The first time you malloc a chunk memory there's a fair chance it will be zero because memory allocated by a system call (sbrk, mmap) is zeroed by the kernel. But if you free and malloc again the memory is recycled and may not contain zero.

augustss
  • 22,884
  • 5
  • 56
  • 93
2

You'll find that memory is zerored on most operating systems that have isolation between processes. The reason is that a process must not be allowed to peek at the memory released by another process, so a memory page must be erased between the time it's freed by some process and the time when it's released by another process. In practice, erased means zeroed, and the memory is usually zeroed at the time it's allocated by the process.

When you call malloc in your toy program, the memory hasn't been used for anything else yet. So it's still fresh from the kernel, full of zeros. If you try in a real program that's already allocated and freed a lot of heap blocks, you'll find that memory that's already been used by your process still contains whatever garbage you (or the memory management system) may have put there.
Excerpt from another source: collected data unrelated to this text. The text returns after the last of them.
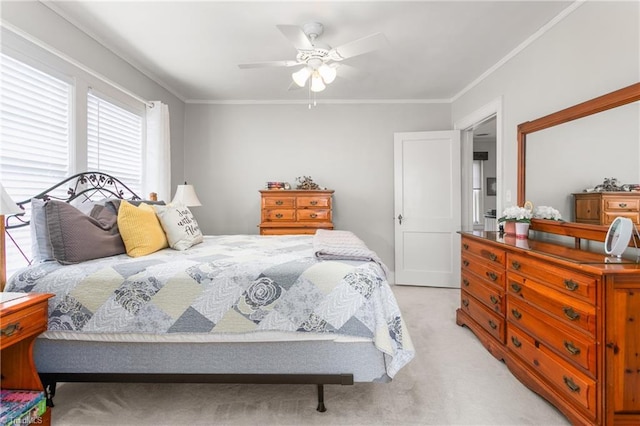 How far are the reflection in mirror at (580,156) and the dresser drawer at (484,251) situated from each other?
557 mm

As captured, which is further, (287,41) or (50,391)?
(287,41)

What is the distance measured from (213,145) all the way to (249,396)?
11.9ft

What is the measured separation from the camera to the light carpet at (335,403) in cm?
166

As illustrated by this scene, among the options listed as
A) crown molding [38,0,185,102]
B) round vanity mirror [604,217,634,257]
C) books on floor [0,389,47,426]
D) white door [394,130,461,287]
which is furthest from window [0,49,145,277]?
round vanity mirror [604,217,634,257]

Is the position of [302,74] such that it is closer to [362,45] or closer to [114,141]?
[362,45]

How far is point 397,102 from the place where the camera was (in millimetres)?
4488

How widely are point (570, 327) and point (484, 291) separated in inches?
35.9

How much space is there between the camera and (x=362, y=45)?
2.17 meters

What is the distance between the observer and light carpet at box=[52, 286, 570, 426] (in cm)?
166

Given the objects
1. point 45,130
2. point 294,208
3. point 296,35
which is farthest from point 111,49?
point 294,208

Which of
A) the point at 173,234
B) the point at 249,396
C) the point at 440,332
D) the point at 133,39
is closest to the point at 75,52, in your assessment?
the point at 133,39

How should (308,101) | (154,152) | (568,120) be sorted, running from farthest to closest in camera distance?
(308,101) < (154,152) < (568,120)

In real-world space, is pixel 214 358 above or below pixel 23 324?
below

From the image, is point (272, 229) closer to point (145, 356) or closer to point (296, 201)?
point (296, 201) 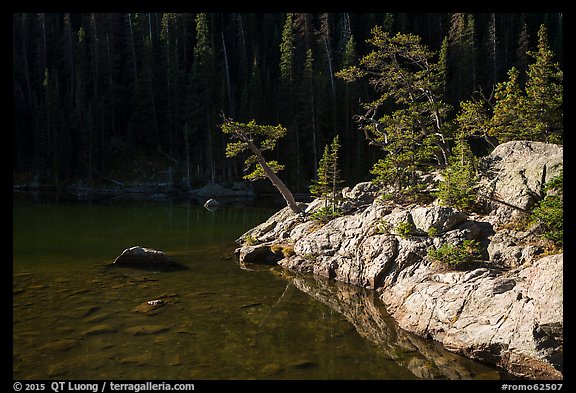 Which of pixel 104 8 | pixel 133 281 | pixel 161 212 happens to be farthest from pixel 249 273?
pixel 161 212

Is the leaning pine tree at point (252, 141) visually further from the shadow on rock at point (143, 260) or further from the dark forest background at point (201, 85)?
the dark forest background at point (201, 85)

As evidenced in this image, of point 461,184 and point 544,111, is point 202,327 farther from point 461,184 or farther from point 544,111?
point 544,111

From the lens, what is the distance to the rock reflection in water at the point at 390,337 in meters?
8.38

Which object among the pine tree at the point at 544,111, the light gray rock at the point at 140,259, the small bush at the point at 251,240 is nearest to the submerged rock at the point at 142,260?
the light gray rock at the point at 140,259

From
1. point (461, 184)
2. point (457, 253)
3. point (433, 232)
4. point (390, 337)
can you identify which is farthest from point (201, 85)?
point (390, 337)

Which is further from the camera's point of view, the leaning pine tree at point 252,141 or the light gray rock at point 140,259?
the leaning pine tree at point 252,141

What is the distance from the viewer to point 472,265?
1177 centimetres

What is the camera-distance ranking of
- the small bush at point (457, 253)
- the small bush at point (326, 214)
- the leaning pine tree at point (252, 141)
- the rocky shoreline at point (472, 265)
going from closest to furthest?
1. the rocky shoreline at point (472, 265)
2. the small bush at point (457, 253)
3. the small bush at point (326, 214)
4. the leaning pine tree at point (252, 141)

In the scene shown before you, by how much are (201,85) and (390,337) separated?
207ft

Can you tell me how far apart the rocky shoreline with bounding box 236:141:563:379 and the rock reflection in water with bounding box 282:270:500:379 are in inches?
11.3

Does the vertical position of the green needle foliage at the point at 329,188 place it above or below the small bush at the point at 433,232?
above

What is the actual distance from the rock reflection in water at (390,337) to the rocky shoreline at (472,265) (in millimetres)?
287

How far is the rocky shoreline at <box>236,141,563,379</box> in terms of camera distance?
827 cm

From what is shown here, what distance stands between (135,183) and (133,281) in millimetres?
51620
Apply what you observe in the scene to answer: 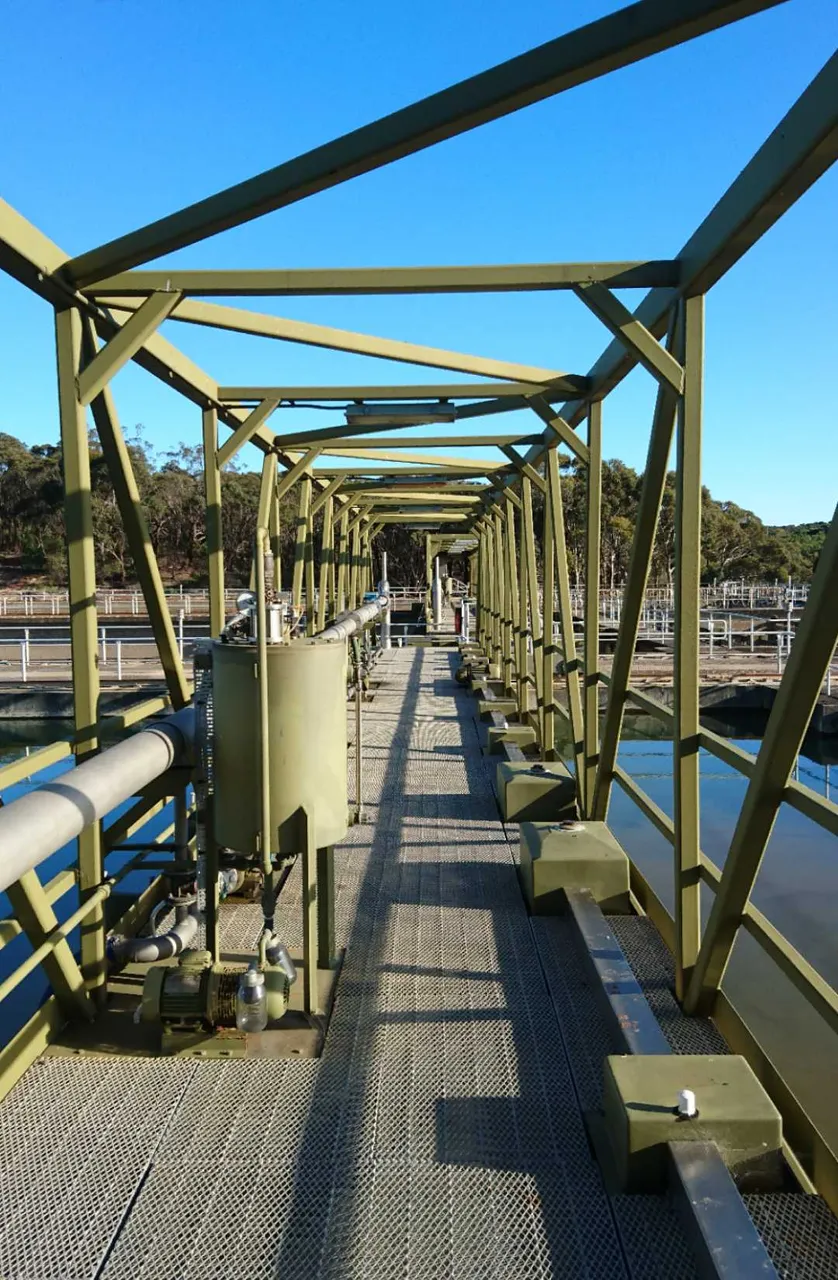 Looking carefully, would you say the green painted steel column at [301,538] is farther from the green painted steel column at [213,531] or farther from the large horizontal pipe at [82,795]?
the large horizontal pipe at [82,795]

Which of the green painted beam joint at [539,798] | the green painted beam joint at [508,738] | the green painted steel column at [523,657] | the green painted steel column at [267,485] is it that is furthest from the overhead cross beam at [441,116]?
the green painted steel column at [523,657]

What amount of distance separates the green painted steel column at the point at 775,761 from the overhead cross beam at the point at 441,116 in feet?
4.59

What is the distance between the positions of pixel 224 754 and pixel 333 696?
0.49m

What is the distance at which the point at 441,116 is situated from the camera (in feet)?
9.05

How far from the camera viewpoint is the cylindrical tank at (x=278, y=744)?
3422 mm

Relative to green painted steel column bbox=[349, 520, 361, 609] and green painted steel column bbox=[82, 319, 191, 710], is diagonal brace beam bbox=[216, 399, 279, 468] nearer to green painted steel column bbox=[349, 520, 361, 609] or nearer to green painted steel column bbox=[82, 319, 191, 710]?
green painted steel column bbox=[82, 319, 191, 710]

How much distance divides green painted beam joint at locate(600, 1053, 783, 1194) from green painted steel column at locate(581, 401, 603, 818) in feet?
10.2

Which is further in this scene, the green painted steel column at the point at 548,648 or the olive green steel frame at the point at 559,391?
the green painted steel column at the point at 548,648

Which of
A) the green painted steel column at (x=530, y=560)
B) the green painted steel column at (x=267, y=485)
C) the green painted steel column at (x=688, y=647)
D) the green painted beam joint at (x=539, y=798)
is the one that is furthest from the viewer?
the green painted steel column at (x=530, y=560)

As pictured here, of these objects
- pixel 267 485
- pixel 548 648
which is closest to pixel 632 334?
pixel 267 485

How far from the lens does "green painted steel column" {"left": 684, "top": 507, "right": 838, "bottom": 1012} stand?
2508 mm

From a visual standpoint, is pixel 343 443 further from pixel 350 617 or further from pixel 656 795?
pixel 656 795

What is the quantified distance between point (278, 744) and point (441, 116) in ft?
7.27

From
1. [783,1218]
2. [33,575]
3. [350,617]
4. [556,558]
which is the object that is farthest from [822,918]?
[33,575] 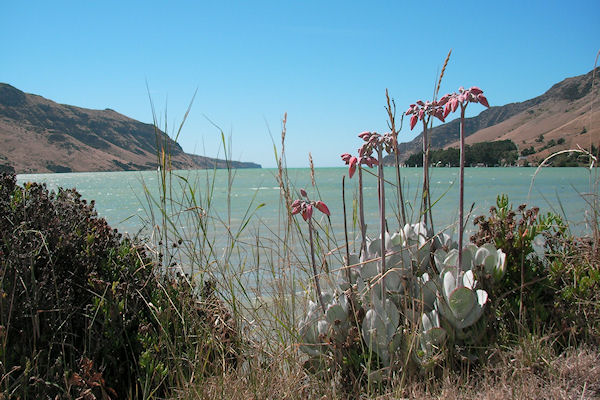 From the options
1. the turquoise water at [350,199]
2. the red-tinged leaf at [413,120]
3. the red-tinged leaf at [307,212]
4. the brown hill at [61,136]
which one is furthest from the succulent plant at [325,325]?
the brown hill at [61,136]

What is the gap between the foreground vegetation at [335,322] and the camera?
6.34 ft

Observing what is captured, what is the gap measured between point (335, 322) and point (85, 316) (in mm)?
1299

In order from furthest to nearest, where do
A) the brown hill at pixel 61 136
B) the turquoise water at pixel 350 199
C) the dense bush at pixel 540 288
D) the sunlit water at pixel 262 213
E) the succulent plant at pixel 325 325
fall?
the brown hill at pixel 61 136 → the turquoise water at pixel 350 199 → the sunlit water at pixel 262 213 → the dense bush at pixel 540 288 → the succulent plant at pixel 325 325

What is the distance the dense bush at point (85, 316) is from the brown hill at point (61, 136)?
123452 mm

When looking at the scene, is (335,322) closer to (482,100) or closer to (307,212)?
(307,212)

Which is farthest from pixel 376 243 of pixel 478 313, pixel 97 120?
pixel 97 120

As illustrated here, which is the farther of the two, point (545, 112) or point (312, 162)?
point (545, 112)

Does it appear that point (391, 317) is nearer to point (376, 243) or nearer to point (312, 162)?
point (376, 243)

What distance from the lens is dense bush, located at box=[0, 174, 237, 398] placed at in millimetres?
1956

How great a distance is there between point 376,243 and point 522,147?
403 ft

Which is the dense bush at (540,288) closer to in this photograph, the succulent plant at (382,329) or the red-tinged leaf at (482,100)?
the succulent plant at (382,329)

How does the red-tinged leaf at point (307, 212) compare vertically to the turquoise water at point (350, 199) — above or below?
above

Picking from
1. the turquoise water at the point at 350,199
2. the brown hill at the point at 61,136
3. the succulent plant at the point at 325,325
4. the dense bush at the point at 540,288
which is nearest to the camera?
the succulent plant at the point at 325,325

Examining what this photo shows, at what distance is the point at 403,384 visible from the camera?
1972 millimetres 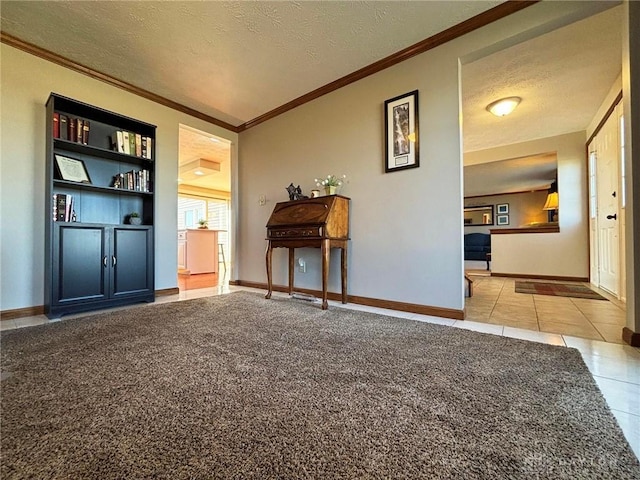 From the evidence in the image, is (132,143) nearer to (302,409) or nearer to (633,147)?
(302,409)

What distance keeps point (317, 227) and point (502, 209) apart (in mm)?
8975

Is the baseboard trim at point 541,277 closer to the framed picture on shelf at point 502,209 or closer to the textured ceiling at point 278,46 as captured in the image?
the textured ceiling at point 278,46

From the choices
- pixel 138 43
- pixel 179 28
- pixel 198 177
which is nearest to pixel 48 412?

Gilles 'SO- stop being evil'
  • 104,111
  • 38
  • 209
  • 254
2

As already illustrated, the key difference is first time allocation vs. allocation. If you try:

char *a, tst;
do {
    a = malloc(50000000);
    a[49999999] = '\0';
    printf("%50s\n%p", a, a); // it outputs nothing 1st, but bbbb.... 2nd
    tst = a[5000]
    memset(a, 'b', 50000000);
    free(a);
} while (tst == '\0');

it'll print you two lines (most likely, at least if the pointers are the same).

Key is that the memory block returned by malloc() has undefined contents. It may or may not be zeroes, and depends on how memory allocation has been done in the past by the program (or what memory debugging facilities are used).

If you want to guarantee contents, you need calloc() or explicit initialization after allocation.

The system's integrity / data separation guarantee on the other hand means that any initial address space requested by the system - whether via sbrk() or mmap(MAP_ANON) - must be zero-initialized, as any other contents of such would consist of a security breach.

FrankH.
  • 17,675
  • 3
  • 44
  • 63
1

Your code does not test if all memory is zeroed - it tests if two specific bytes are zero - a[0] and a[5000]. Also, malloc() has nothing to do with the kernel - it is a C library function, not a system call. It is highly unlikely that its implementers zero memory - what you are seeing is just some random quirk of your particular configuration.